Please transcribe the listing below in full and word for word, without its pictures.

START Data extract

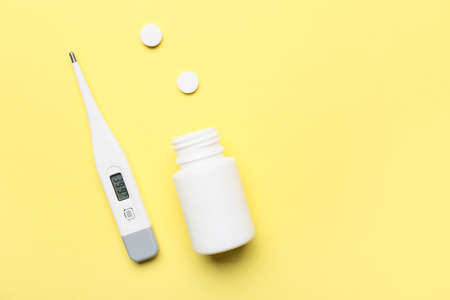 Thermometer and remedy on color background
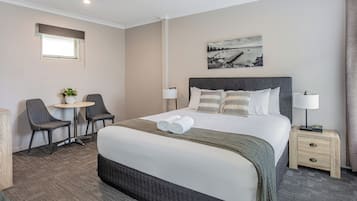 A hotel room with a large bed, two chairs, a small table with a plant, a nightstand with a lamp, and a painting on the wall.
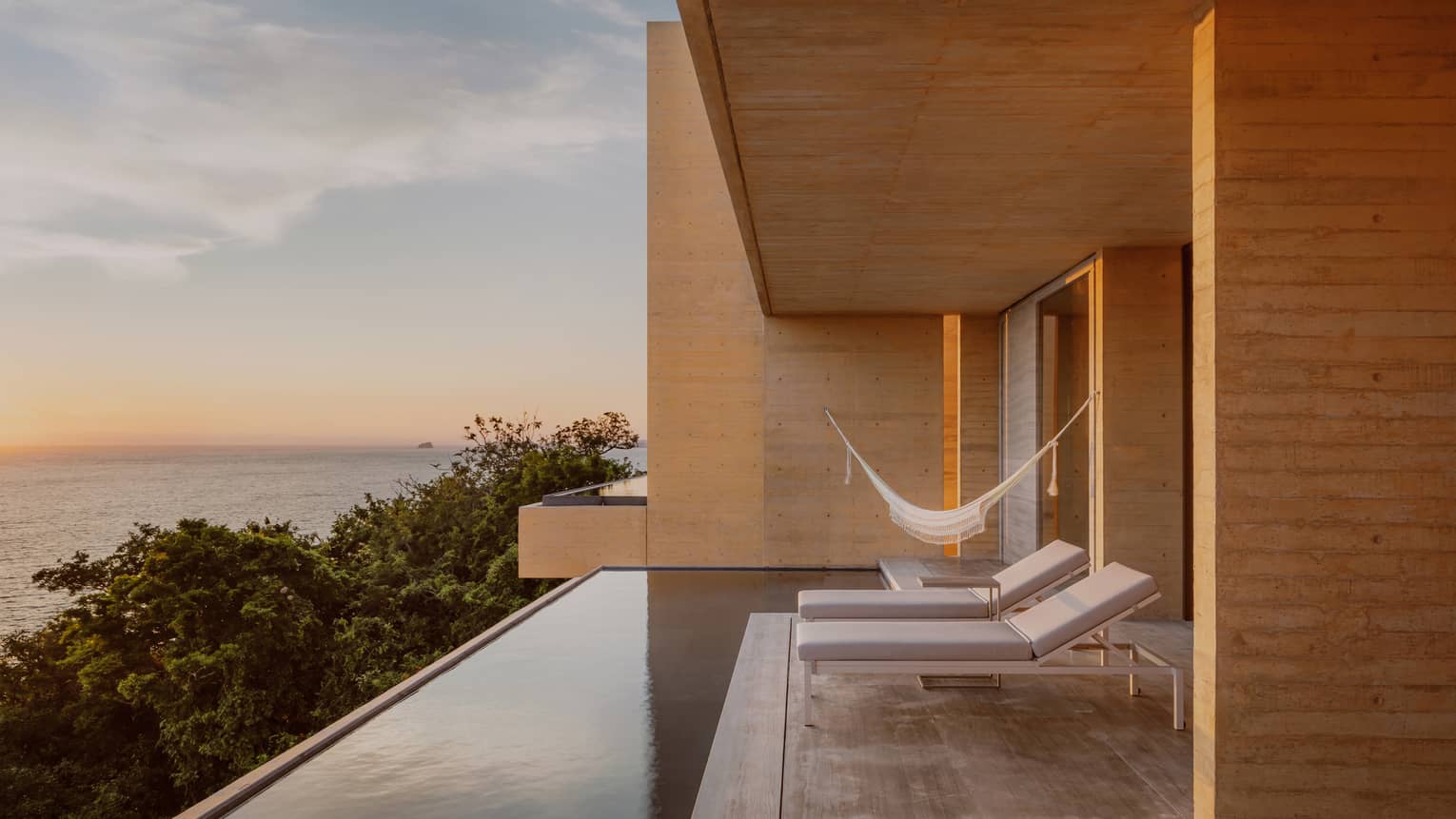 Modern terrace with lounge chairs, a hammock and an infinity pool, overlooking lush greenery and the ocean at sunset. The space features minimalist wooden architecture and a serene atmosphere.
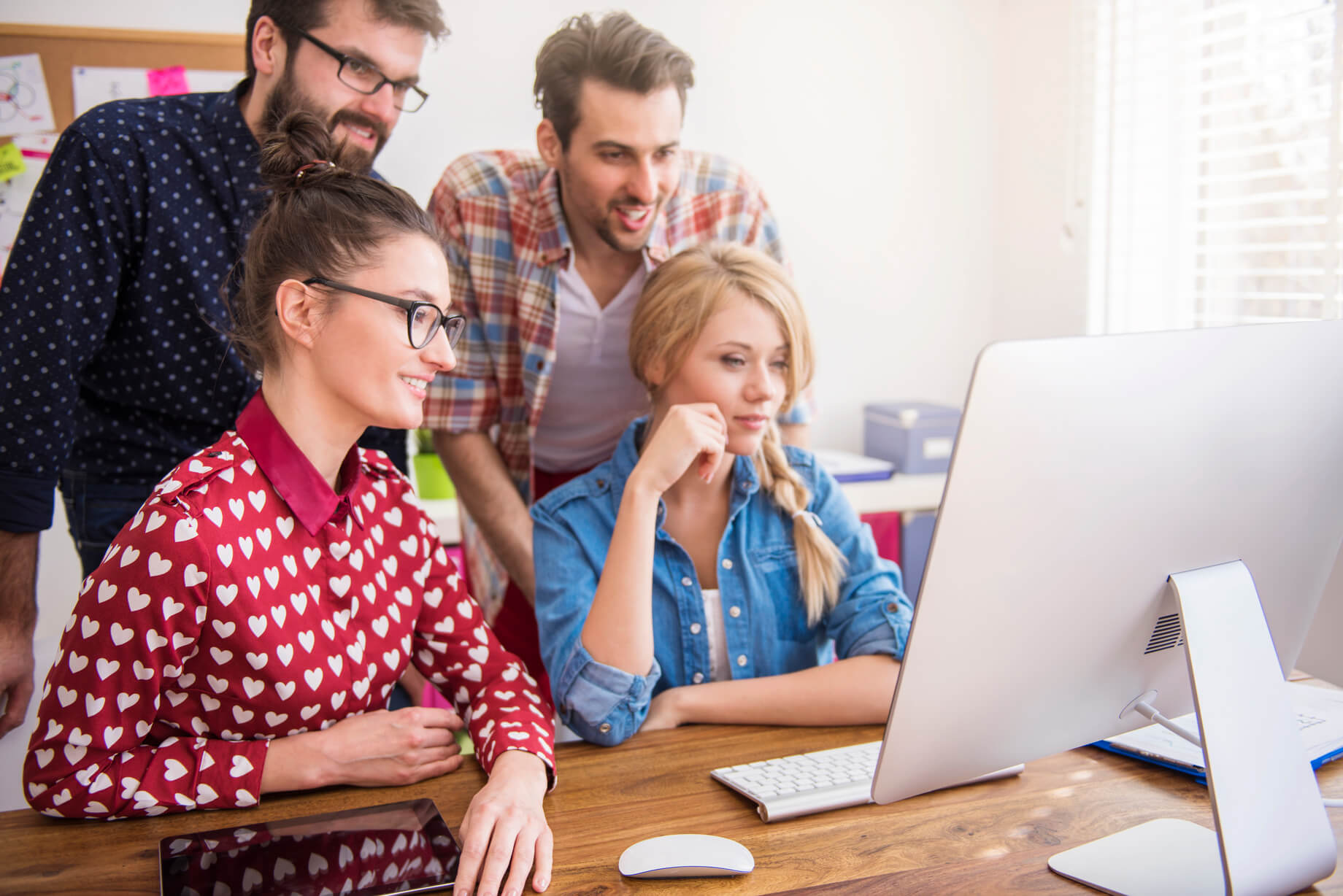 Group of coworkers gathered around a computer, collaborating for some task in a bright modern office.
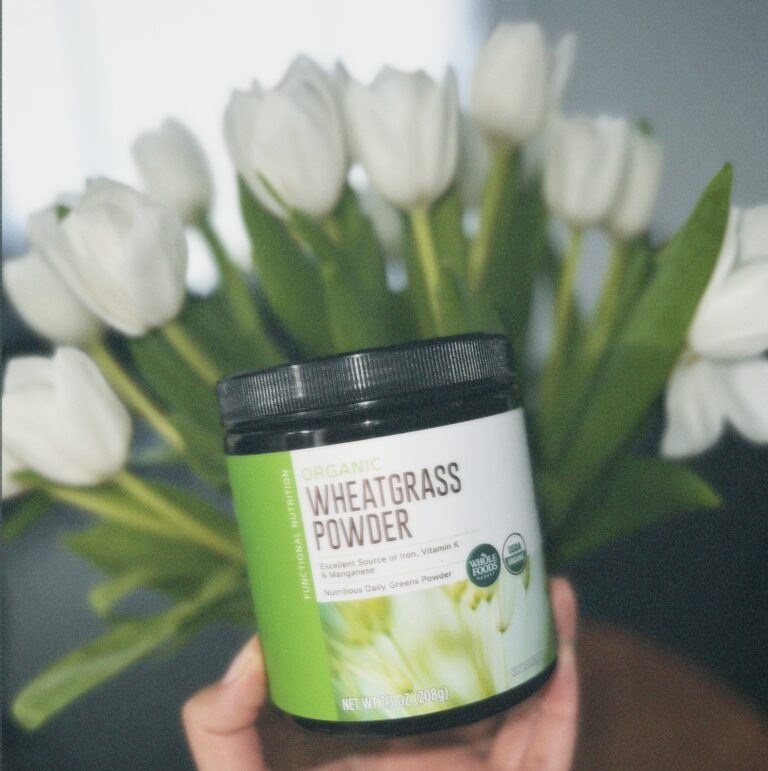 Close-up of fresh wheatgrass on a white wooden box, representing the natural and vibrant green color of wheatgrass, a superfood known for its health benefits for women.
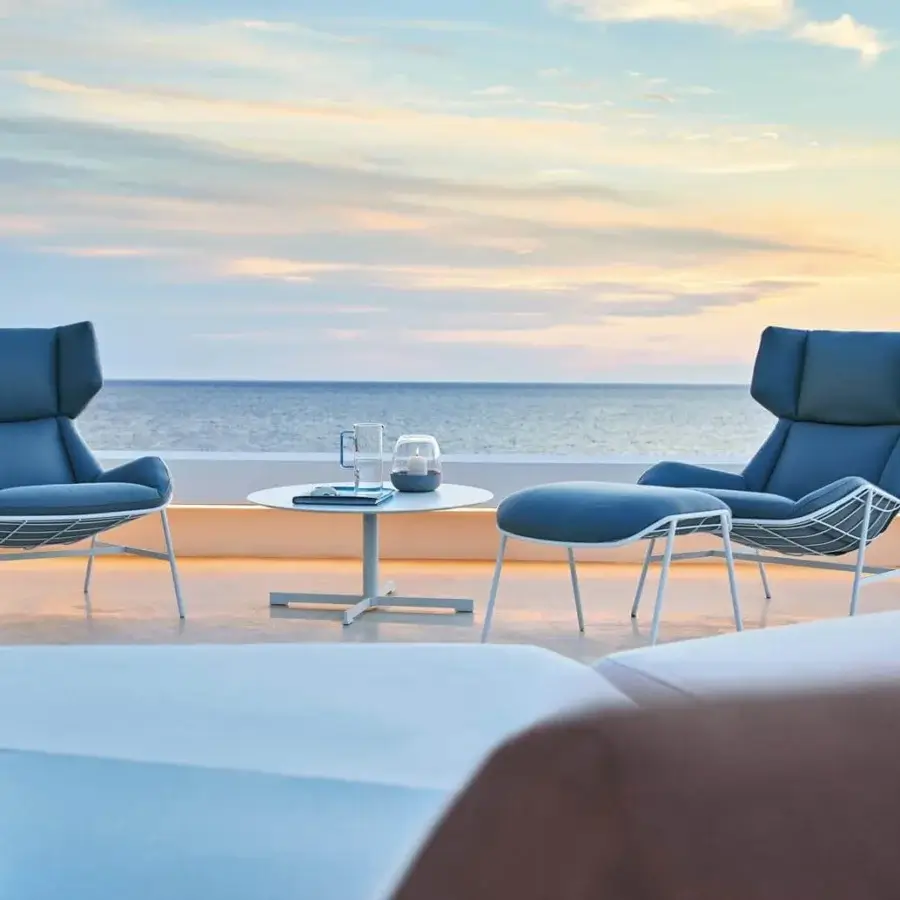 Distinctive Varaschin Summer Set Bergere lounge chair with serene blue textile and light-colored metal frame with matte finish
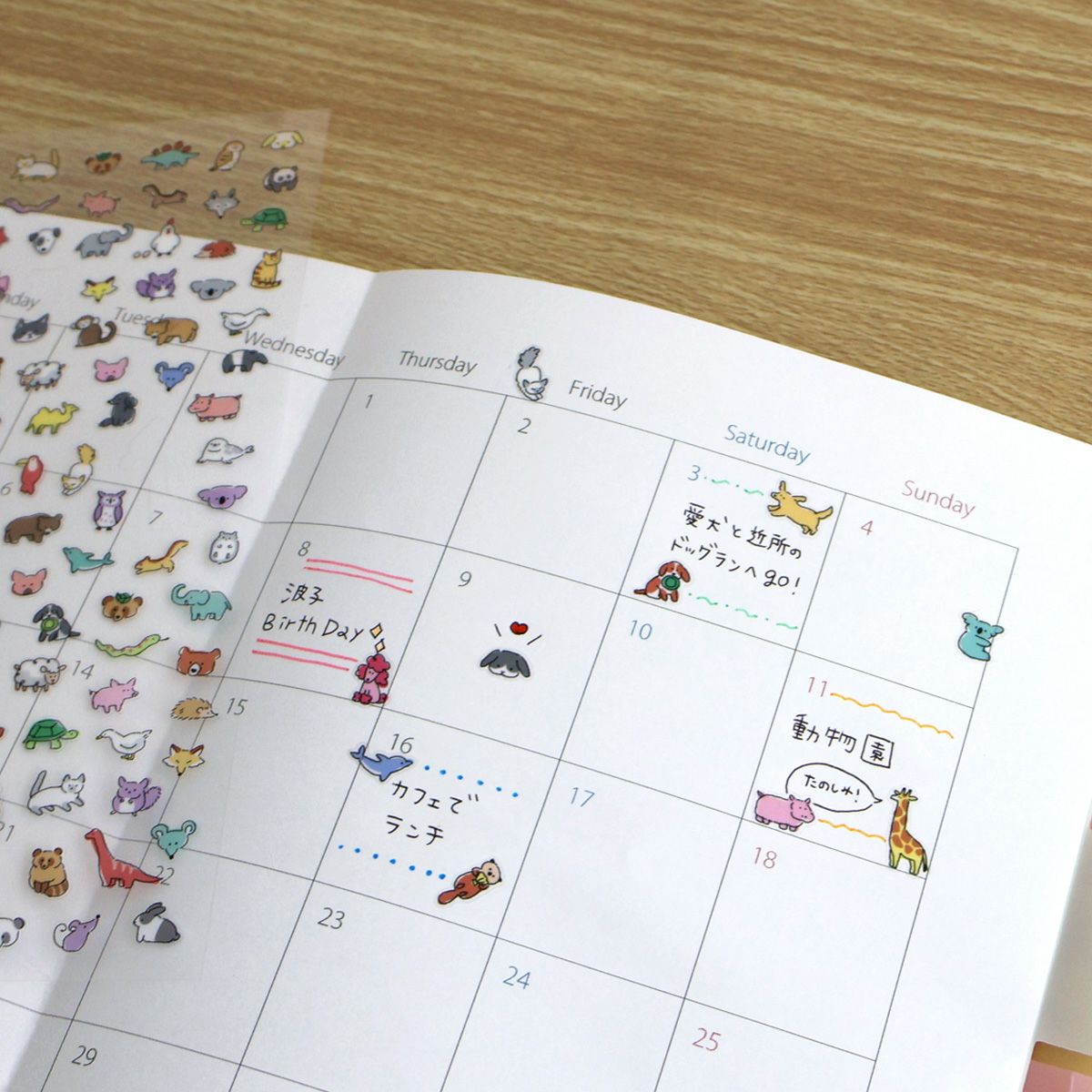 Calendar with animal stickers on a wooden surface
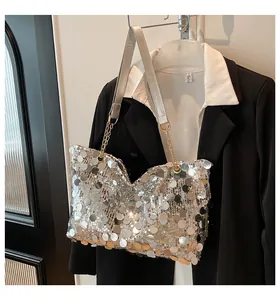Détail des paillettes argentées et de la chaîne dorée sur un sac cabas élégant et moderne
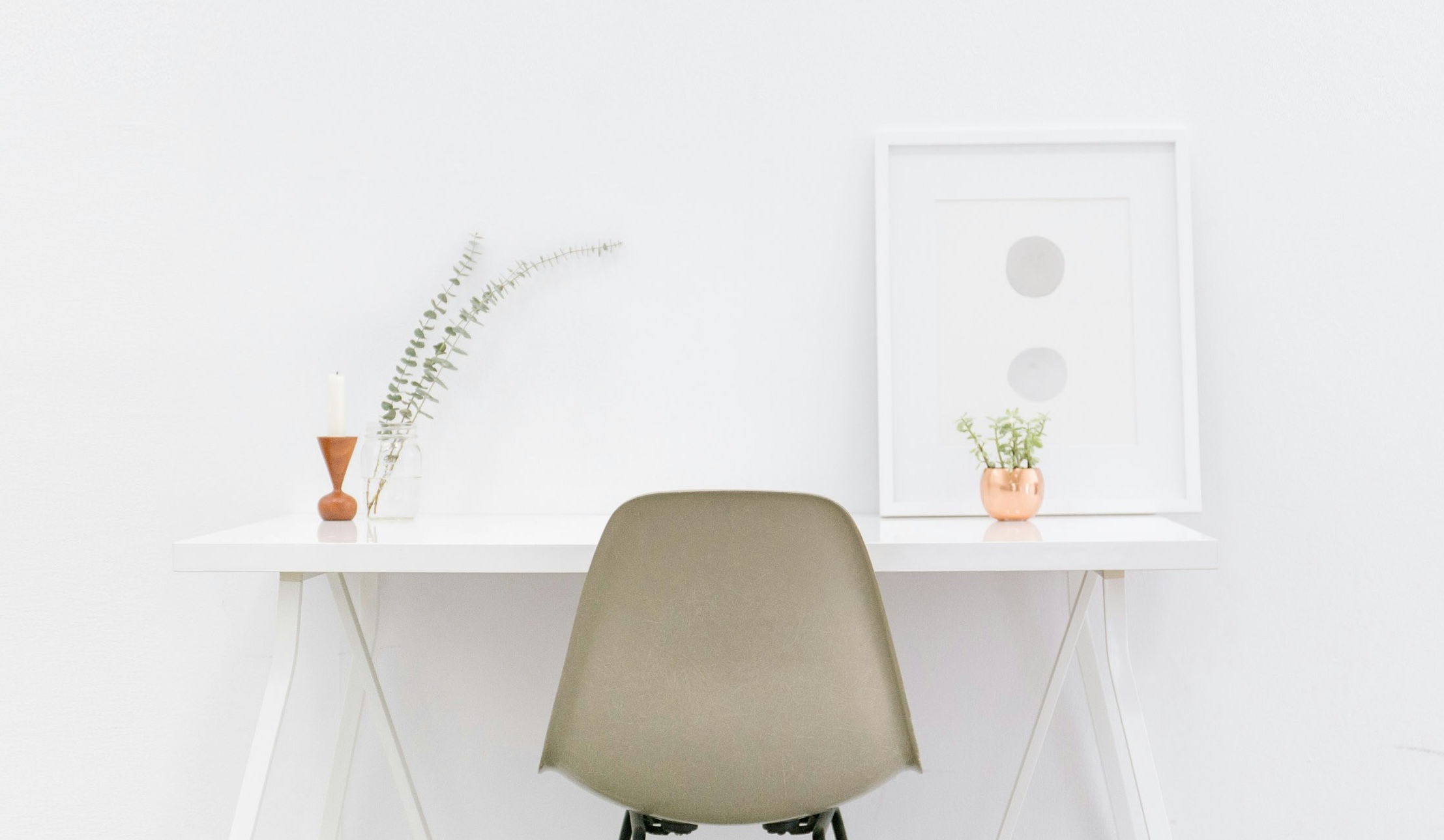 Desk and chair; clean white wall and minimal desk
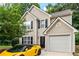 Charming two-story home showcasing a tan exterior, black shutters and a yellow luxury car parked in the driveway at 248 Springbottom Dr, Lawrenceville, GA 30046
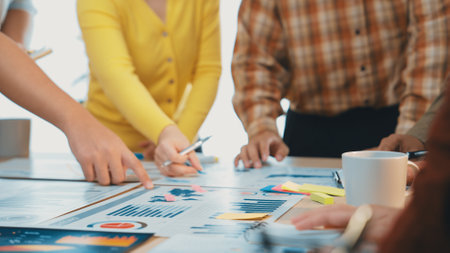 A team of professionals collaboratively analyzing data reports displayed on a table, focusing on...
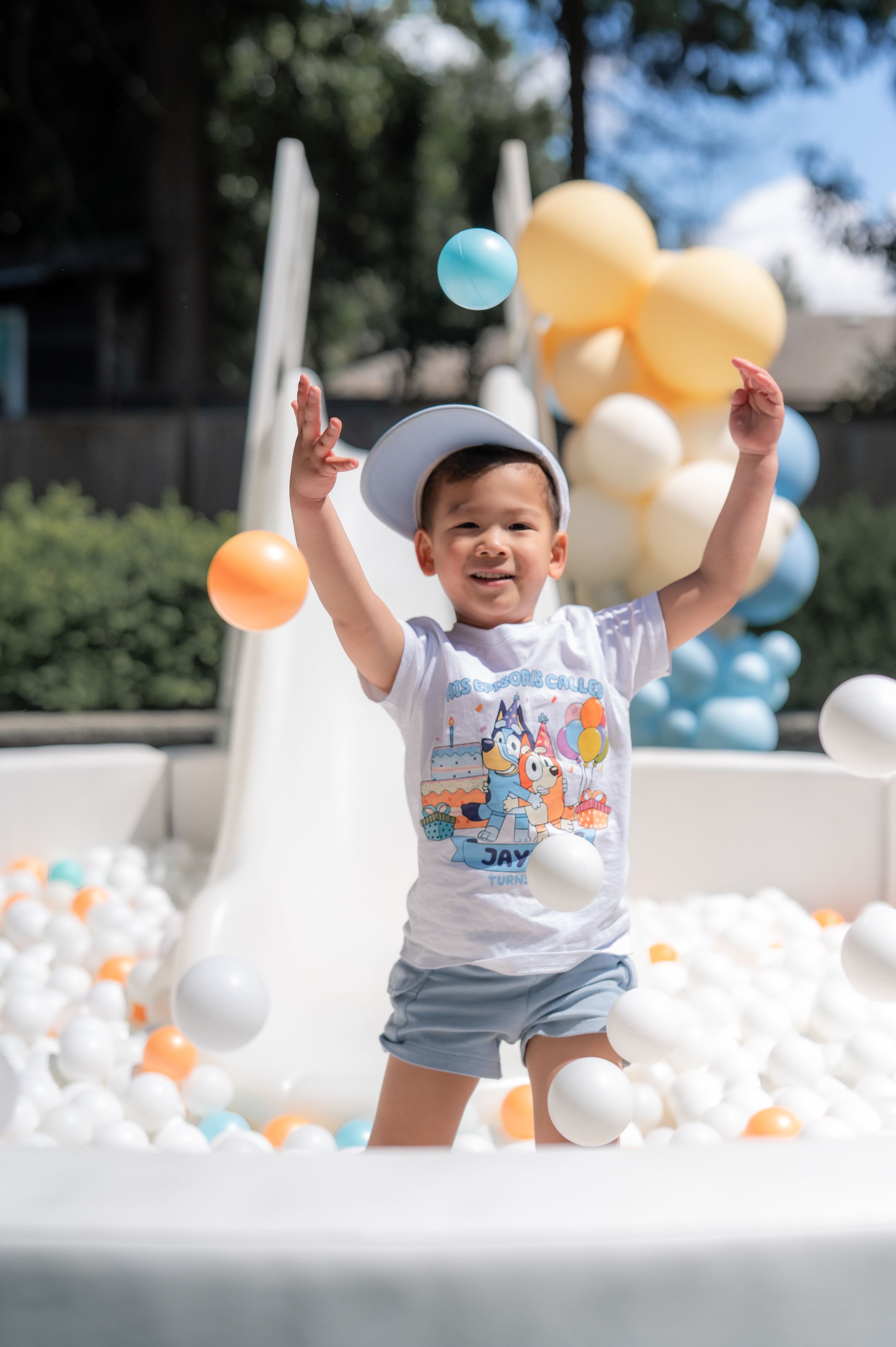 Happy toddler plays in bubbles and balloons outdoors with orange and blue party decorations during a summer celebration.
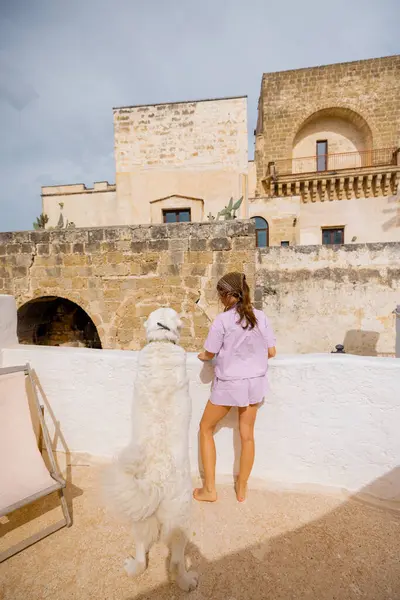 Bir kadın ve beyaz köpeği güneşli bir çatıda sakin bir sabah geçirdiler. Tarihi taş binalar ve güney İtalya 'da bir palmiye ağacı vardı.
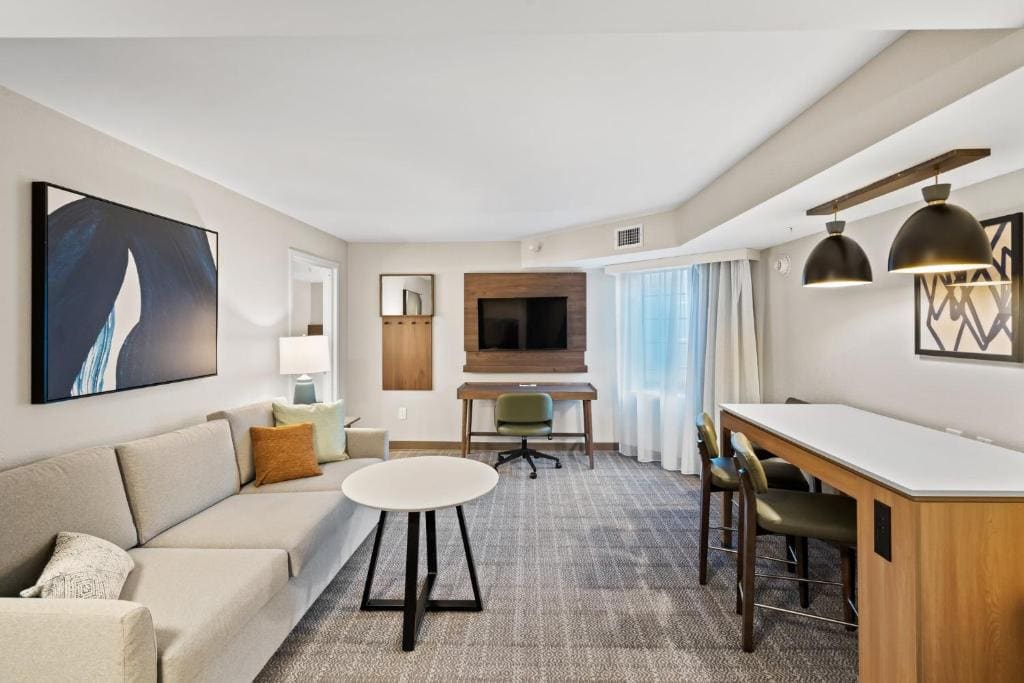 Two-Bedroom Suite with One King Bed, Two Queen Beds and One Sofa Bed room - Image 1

END Data extract

(Your solution)
 Thermometer and remedy on color background
 A hotel room with a large bed, two chairs, a small table with a plant, a nightstand with a lamp, and a painting on the wall.
 Modern terrace with lounge chairs, a hammock and an infinity pool, overlooking lush greenery and the ocean at sunset. The space features minimalist wooden architecture and a serene atmosphere.
 Group of coworkers gathered around a computer, collaborating for some task in a bright modern office.
 Close-up of fresh wheatgrass on a white wooden box, representing the natural and vibrant green color of wheatgrass, a superfood known for its health benefits for women.
 Distinctive Varaschin Summer Set Bergere lounge chair with serene blue textile and light-colored metal frame with matte finish
 Calendar with animal stickers on a wooden surface
Détail des paillettes argentées et de la chaîne dorée sur un sac cabas élégant et moderne
 Desk and chair; clean white wall and minimal desk
 Charming two-story home showcasing a tan exterior, black shutters and a yellow luxury car parked in the driveway at 248 Springbottom Dr, Lawrenceville, GA 30046
 A team of professionals collaboratively analyzing data reports displayed on a table, focusing on...
 Happy toddler plays in bubbles and balloons outdoors with orange and blue party decorations during a summer celebration.
 Bir kadın ve beyaz köpeği güneşli bir çatıda sakin bir sabah geçirdiler. Tarihi taş binalar ve güney İtalya 'da bir palmiye ağacı vardı.
 Two-Bedroom Suite with One King Bed, Two Queen Beds and One Sofa Bed room - Image 1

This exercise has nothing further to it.